Please copy the data below exactly; none of the pictures in it belong in the copy.

··· Dataset excerpt

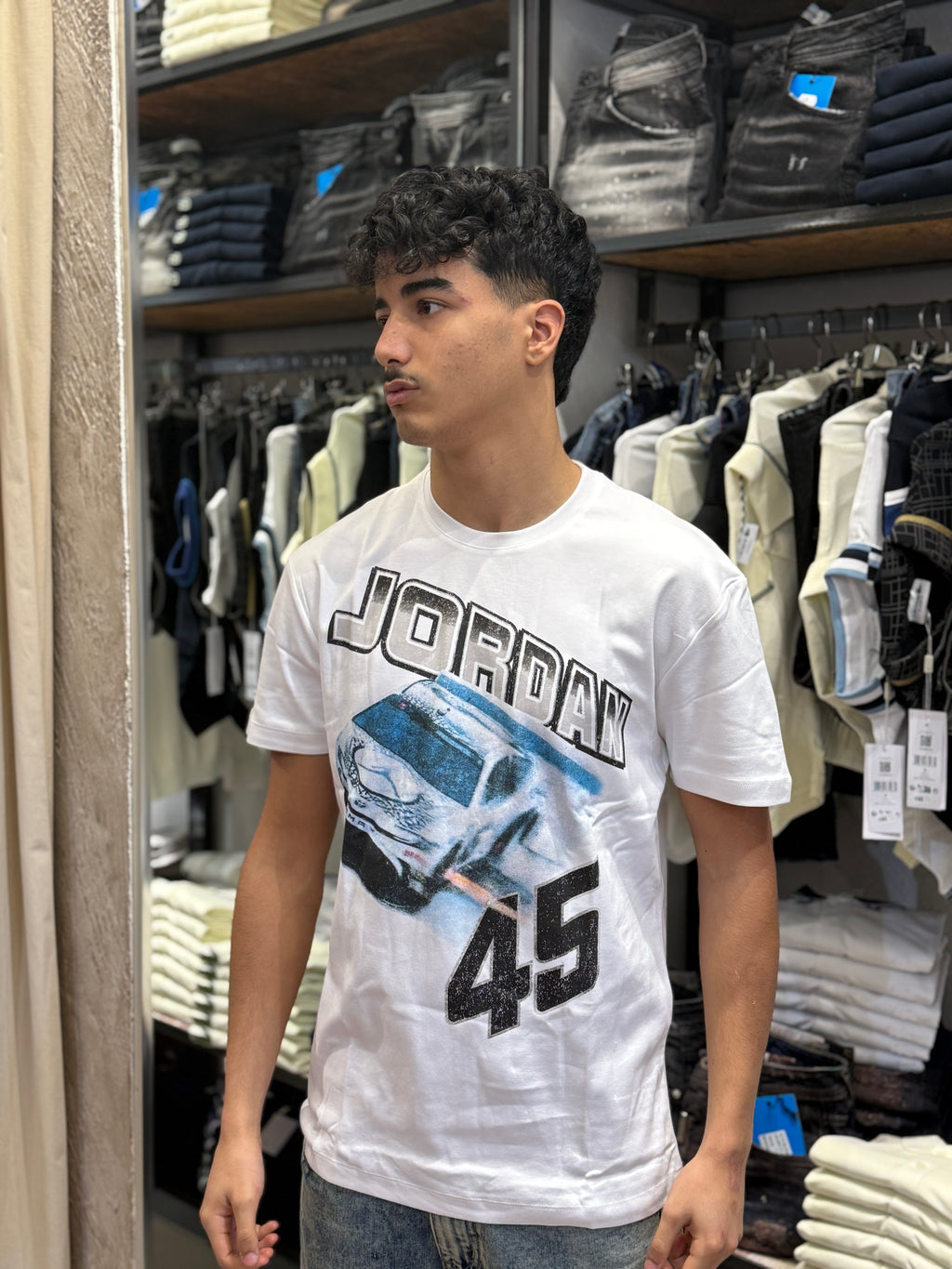 T-Shirt Jordan 45 Sneaker Graphic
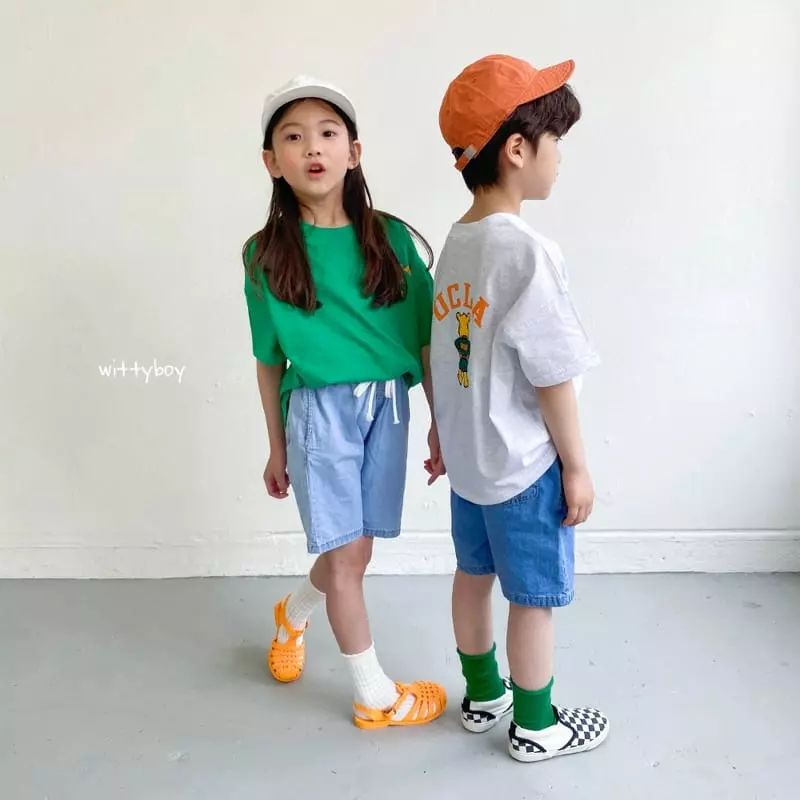 Witty Boy - Korean Children Fashion - #childofig - UC Tee - 5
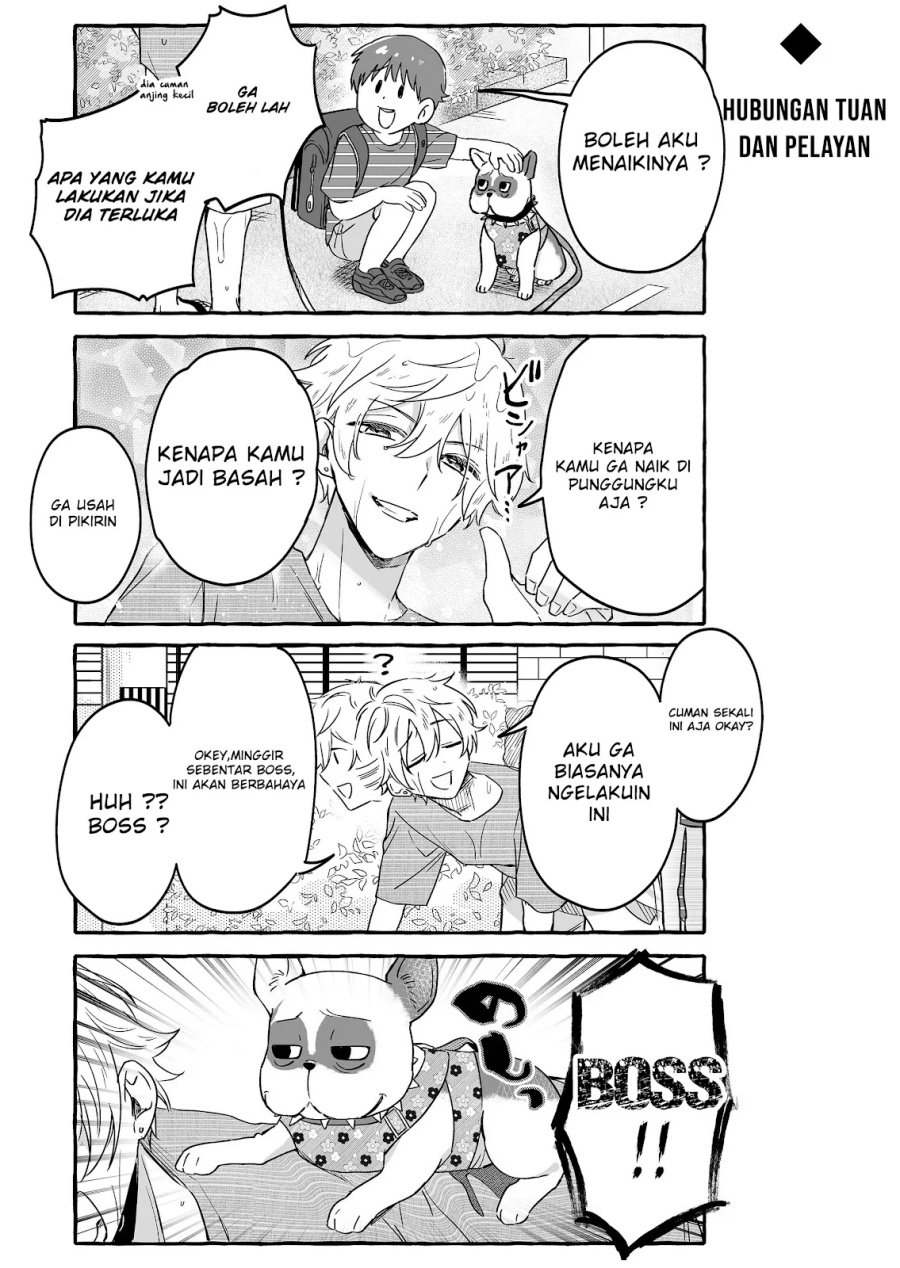 Damedol to Sekai ni Hitori Dake no Fan (Serialization) chapter 21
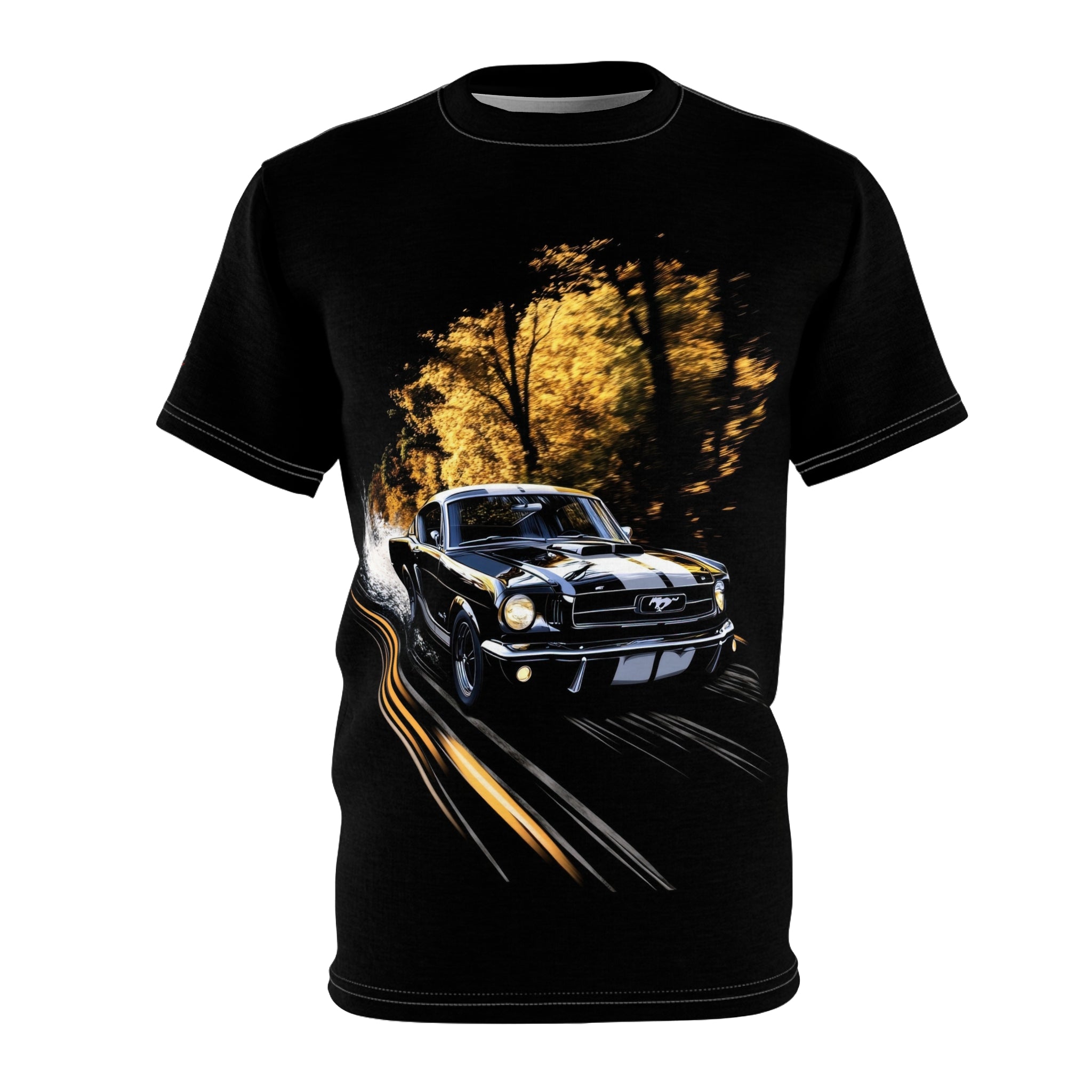 1965 Ford Mustang - Auto - Men's Tee Shirt - DC0226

······

_Exercise answer_.
 T-Shirt Jordan 45 Sneaker Graphic
 Witty Boy - Korean Children Fashion - #childofig - UC Tee - 5
 Damedol to Sekai ni Hitori Dake no Fan (Serialization) chapter 21
 1965 Ford Mustang - Auto - Men's Tee Shirt - DC0226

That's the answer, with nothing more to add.